Neben den wichtigen Annäherungen in Form von Analysen einzelner Künstlerinnen möchte die Tagung sowohl bezüglich des Begriffs „Künstlerin“ ein breites Spektrum abbilden als auch Ausblicke in die Moderne zulassen. Dabei liegt auf der Kunst der Frühen Neuzeit ein Schwerpunkt. Genderwissenschaftliche Methodenreferate sind ebenso willkommen wie (Neu)-Definitionen von Begriffen sowie Referate zur Fach- und Wissenschaftsgeschichte bzw. zur Rolle der Künstlerinnen in der Ausstellungsgeschichte, im Herausbildungsprozess eines kunsthistorischen Kanons bzw. ihrer (vermeintlichen) Verortung innerhalb der Gattungshierarchie.

Abstracts für bislang unpublizierte Beiträge (max. 2.000 Zeichen incl.
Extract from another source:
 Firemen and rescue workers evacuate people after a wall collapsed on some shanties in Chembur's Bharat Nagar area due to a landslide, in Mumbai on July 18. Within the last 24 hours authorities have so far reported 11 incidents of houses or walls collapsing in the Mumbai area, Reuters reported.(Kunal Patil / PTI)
Leerzeichen) können in deutscher oder englischer Sprache zusammen mit einem kurzen Lebenslauf und gegebenenfalls einer Auswahl einschlägiger Publikationen bis zum 31. August 2015 gesendet werden an Dr. Birgit Ulrike Münch M.A., E-Mail: kfi@uni-trier.de

Das Kunsthistorische Forum Irsee ist eine Kooperation zwischen der Schwabenakademie Irsee (Dr. Markwart Herzog, Dr. Sylvia Heudecker) und artifex (Dr. Birgit Ulrike Münch, Prof. Dr. Dr. Andreas Tacke; Universität Trier).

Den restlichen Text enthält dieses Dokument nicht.